I thought about that. But right where the lathe is sitting, is my 3 phase plugs. I could put a longer cord on it though :thinking:  As for the welding, that's why I would like to put the welder(s) right next to the door. Just string out side and go. Oh and I was planning on putting the bench grinders in the welding "area" to try and keep the mess localized I guess lol. 

That apron idea is a good one!! I will have to check into that. 

Thanks,
Chris

- - - Updated - - -

Another thought. Do you think I made my "mill" a correct size? I don't have one yet, but would still like to plan for it. I will swap stuff around tonight and post another picture.


----------



## railfancwb (Aug 31, 2013)

A vertical mill's space envelop is more nearly a triangle than a square, with the long front edge defined by extremes of table travel. A 40" table which can travel 15" in either direction, for example, would need 80" to 100" width for full travel in both directions plus handle and cranking space at each end. However if space was limited, the larger table could be used at less than full capacity. If the head of the mill can be moved forward and backward, tilted, swiveled, or otherwise moved, the extreme positions need to be considered when defining the space envelop for the machine.


----------



## Tamper84 (Aug 31, 2013)

Thank you railfan!! It gives me a lot to think about. Here are two more layouts.  I know this seems stupid to do (at least I think the wife thinks so :rofl. But it beats moving all the crap around out there!
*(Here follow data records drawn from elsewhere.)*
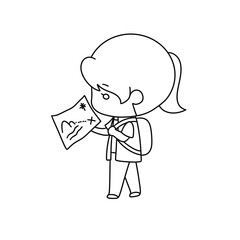 A girl is holding a map and looking at it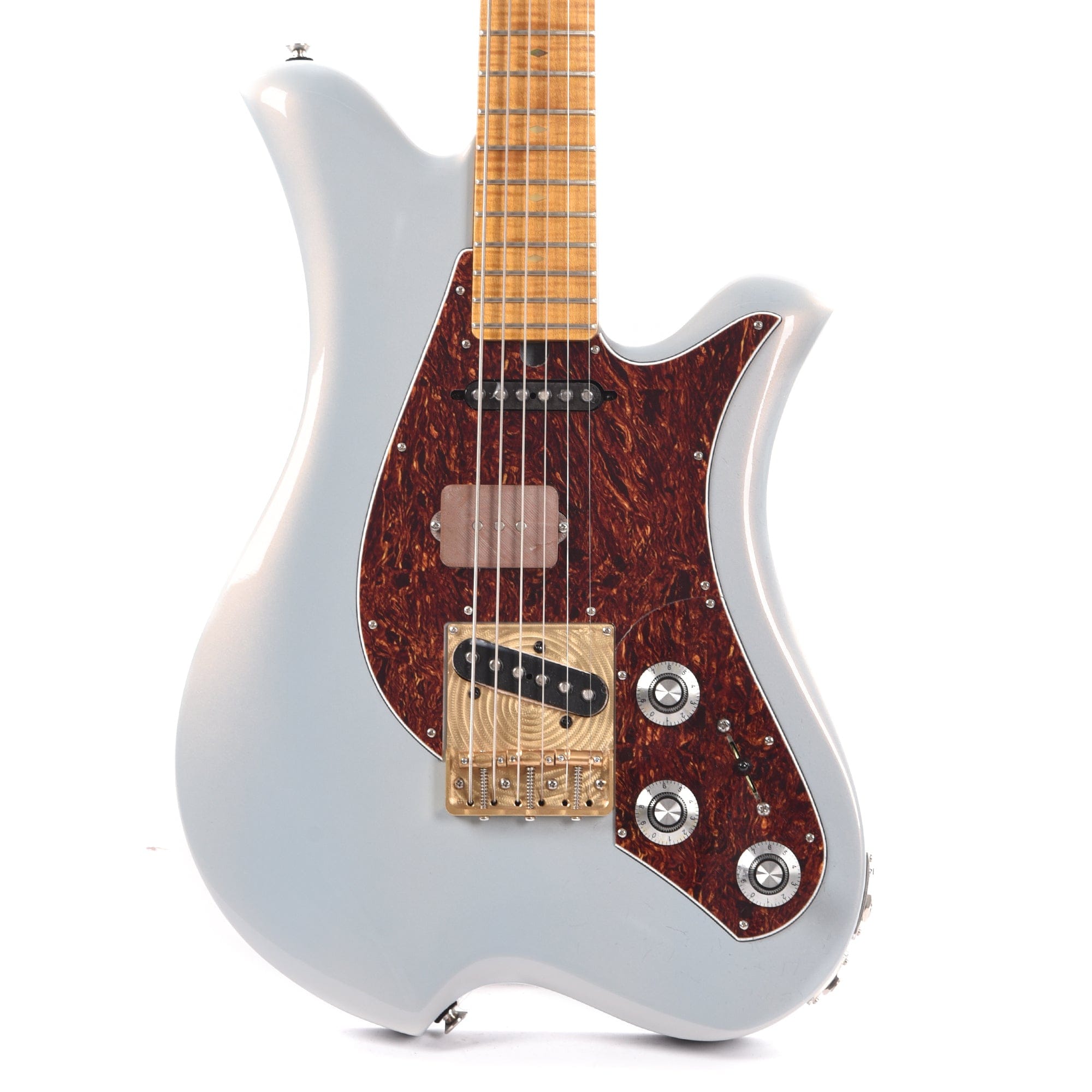 Bacci Dual-Output Baritone Pearl Celestial Blue w/Figured Maple Neck Electric Guitars / Baritone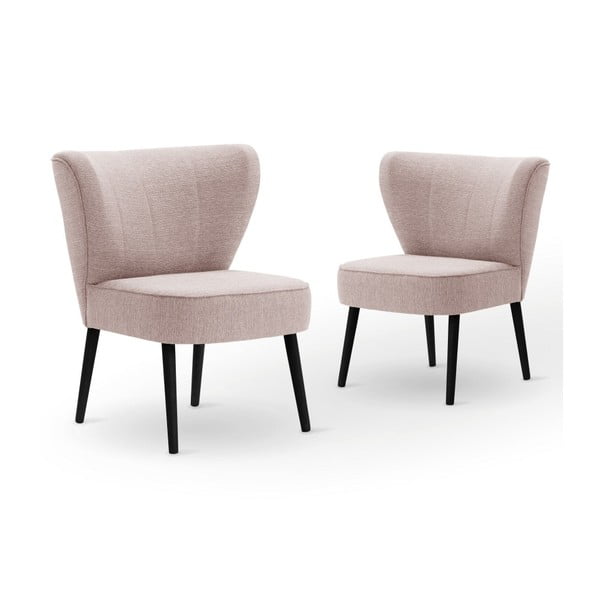 Set 2 scaune cu picioare negre My Pop Design Adami, roz deschis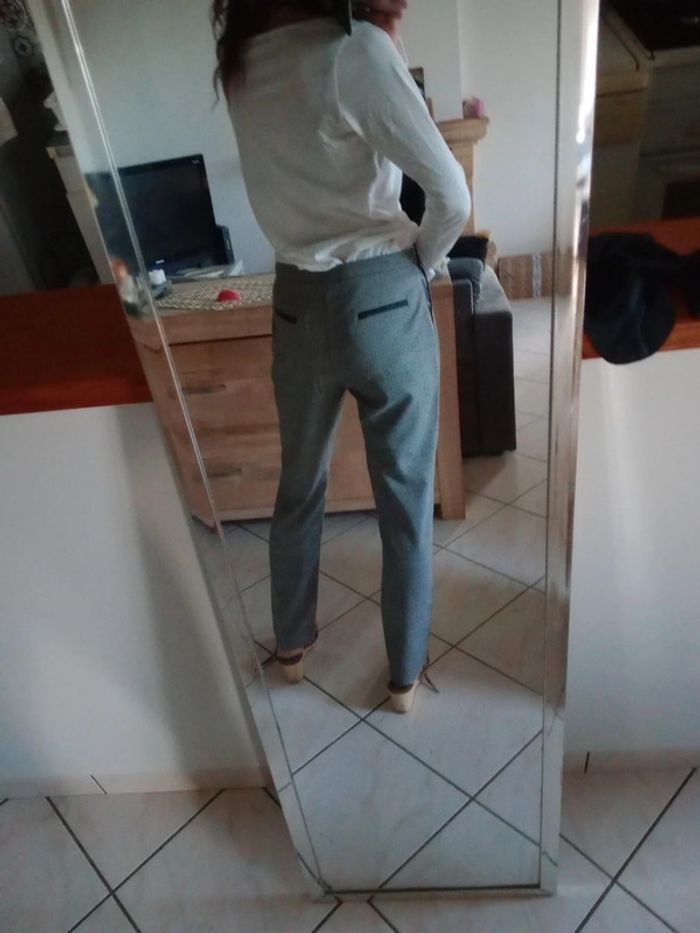 Pantalon cigarette 40 carreaux prince de galles c76 - photo numéro 4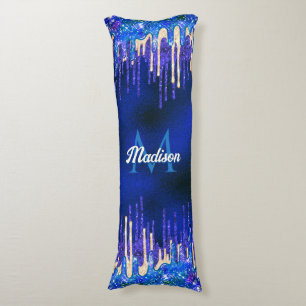 Chic blue aqua unicorn gold glitter drips monogram body cushion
One more thing, I am thinking about lining the wall behind wherever the workbench ends up, with peg board. And doing away with the tool chest. Free up some floor space. Or maybe some osb. 

Thanks,
Chris


----------



## pineyfolks (Aug 31, 2013)

I've used a mill in a corner and didn't like it. It was dark and crowded. It doesn't let you work easily with long pieces and is a pain to clean behind. Put your lathe where you can put long stock through the head stock if you have to. You have a nice size area to work with just leave room to work around each machine in X Y and Z.


----------



## Tamper84 (Sep 1, 2013)

Thanks Bill!!! I never used a mill in a corner that's why I put it like that. I wish I had a bigger space lol. Decisions decisions lol 

Thanks,
Chris


----------



## pineyfolks (Sep 1, 2013)

I have 220 plug/outlets in different locations in my shop so if I want to move stuff or add stuff I can. I used the same type plugs as I have on my welders.


----------



## GK1918 (Sep 1, 2013)

Me too getting close to construction. I think I'll go with mill in a rear corner cause right of that a door for a 8X12 office with something like a picture window.  this will be 12 x 34.  Being 12' wide and one lathe is 10', it doesnt bother for a hole in the wall like Keith Fenners got.  Mill in corner, shaper next to that then the office door.  Two entrance doors one to outside the other into the present shop.  Small size rolltop door /  entrance door next to it.
Two more SB lathes plus 4 drill presses  and as mentioned same 220 plugs.  My boy already had the electric co. here, they said 3ph no problem its 
already on the pole like 25' away.  Go underground I got a 750 Ford backhoe.  I will settle for just one bench grinder, maybe not.  If I need air no prob.
big comp is on the other side of the wall.  I was given a new window A/C perfect (office).  I'm also tempted for tongue and grove wood over concrete.
mopped with atf fluid like our old shop had.  I suppose all this will change when I got  empty 4 walls.  Ceiling will be 8' so moving in will be interesting.
Moving out no problem shop ceiling is 15' so backhoe with a mill hanging has plenty of room.  I know one thing it will be cheap to heat.  No more grinding
dust and welding 'smog' repairing busted snowplows.  This whole idea came about cause I didnt have a certain reamer for wrist pin bushings.  I know a guy with old time gas station / repair shop.  Absoulutly clutter grease just a pathway with piles of junk cobwebs he said follow me i have one.  So I
walk through a door **shock total shock.  I better take my shoes off.  Name the machine, its there; hospitol clean white walls a/c not one speck of dust, or oil spots.  Never saw a real 36" Cincy shaper thats mint, boy thats big. CNC's, its all there.  I went there to borrow a reamer, well he has a 
dedicated reaming machine just for piston bushings.   So thats what has been on my mind. 
 .


----------



## cbtrek (Oct 13, 2013)

Tamper84 said:


> Thank you railfan!! It gives me a lot to think about. Here are two more layouts.  I know this seems stupid to do (at least I think the wife thinks so :rofl. But it beats moving all the crap around out there!
> 
> One more thing, I am thinking about lining the wall behind wherever the workbench ends up, with peg board. And doing away with the tool chest. Free up some floor space. Or maybe some osb.
> 
> ...




A very good way to do many different layout fast and see problems ahead of time. As a Manufacturing Engineer I used this method when I worked without a computer around.


----------



## jererp (Dec 27, 2013)

Layouts like you are doing is a great way to plan.  My additional suggestion is to make sure your equipment templates include not only the machine footprint at the extremes of their movement, but also any panel door access, tooling egress, etc.  And don't forget room for operating the machine, or movement of any ancillary equipment such as engine hoists, etc.


----------